What is required:
Repeat only the lines below from the one that contains "Bağcılar'da korku dolu" through the final line, exactly. Omit pictures.
_ _ _
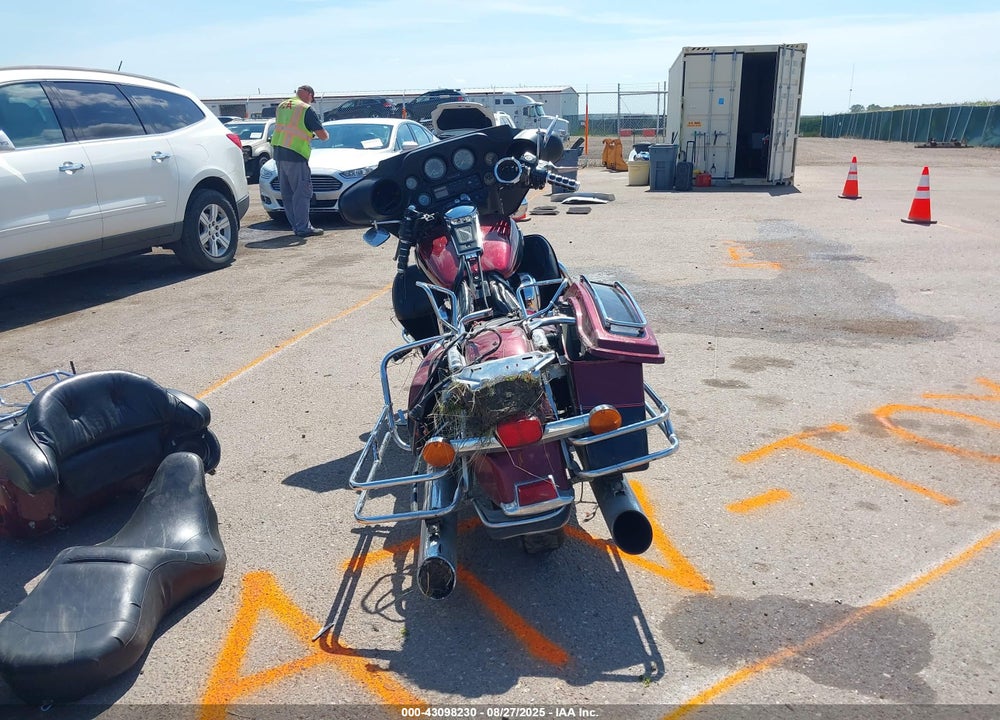2002 HARLEY-DAVIDSON FLHTCUI VIN: 1HD1FCW132Y627203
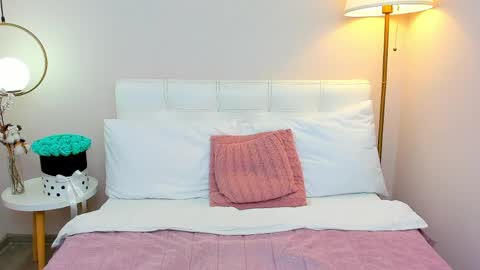 Andrea online show from April 2026 05:19:01 AM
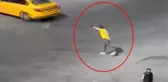 Bağcılar'da korku dolu anların görüntüleri çıktı! Tartıştığı taksicinin arkasından kurşun yağdırmış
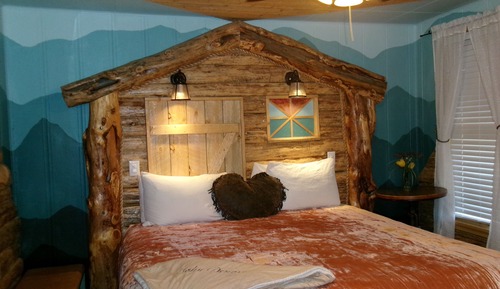 Tribute (John Denver Room), 1 King Bed
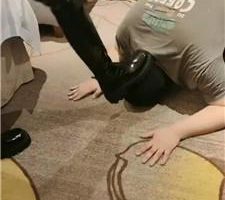 【青岛00后大学生】绿帽狗咀嚼tt/靴子踩虐/耳光/脏鞋底摩擦器 JS240409-8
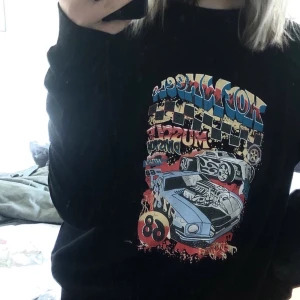Sweatshirt  - (HÄLFTEN AV PENGARNA GÅR TILL CANCERFONDEN pga att jag vill va med och stötta detta så om du också vill det..) En sweatshirt köpt ifrån Shein. Skit snygg men kommer tyvärr inte till användning. Den är en M men sitter som en S. Säljs för 180 då frakten ingår i priset.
_ _ _
Finished task:
 Bağcılar'da korku dolu anların görüntüleri çıktı! Tartıştığı taksicinin arkasından kurşun yağdırmış
 Tribute (John Denver Room), 1 King Bed
 【青岛00后大学生】绿帽狗咀嚼tt/靴子踩虐/耳光/脏鞋底摩擦器 JS240409-8
Sweatshirt  - (HÄLFTEN AV PENGARNA GÅR TILL CANCERFONDEN pga att jag vill va med och stötta detta så om du också vill det..) En sweatshirt köpt ifrån Shein. Skit snygg men kommer tyvärr inte till användning. Den är en M men sitter som en S. Säljs för 180 då frakten ingår i priset.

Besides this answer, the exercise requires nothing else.